The Last Horse of Longarm Farm
The ground was nice and soft from the rain, so Sadie had no trouble digging the graves. She buried Jackson next to their mother. She didn’t have any money and had no skill in the art of carving words into stone, nor did she have much time, so she ripped a solid board from the rotting barn and and carved her brother’s name into it with her father’s pretty knife. When the hole was filled she said a prayer, thanking Yog above that her brother may finally rest, then walked ten paces west, and that was where she buried her father. Away from the family. She made a wooden marker for him too, but the board she used had fallen off the barn a long time ago and was rotted halfway to dirt. She didn’t carve his name into it. She kicked it, she punched it, she screamed at it as the rain fell harder, and she hit it with a hatchet a few times too, just for good measure. But she didn’t carve his name into it.
Sadie, with her father’s knife swinging from her belt by the golden chain, took the last horse of Longarm Farm from the barn that night and rode him until he could ride no more. He didn’t die, of course, not until he was very old; Sadie didn’t push the mare past his limits. She made sure he had food to eat and water to drink. She made sure her horse always had enough to eat, the he always had enough to drink. She took care of the nameless horse, like her brother had done for her, and she chose to be happy with what she had.

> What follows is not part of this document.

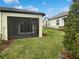 Private screened lanai overlooking a manicured backyard at 6856 Ripple Pond Loop, Zephyrhills, FL 33541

On the day her horse died, Sadie decided to follow its path. They were in a clearing in the middle of a forest, and Sadie buried the horse behind the little lean-to she had built for herself. She didn’t want to live with other humans; she grew up in isolation on an old horse farm fifty miles west of civilization, she wouldn’t know how to live with the others, and so, with a smile on her face, she went in the same fashion as her brother: by the blade of Jim’s pretty knife.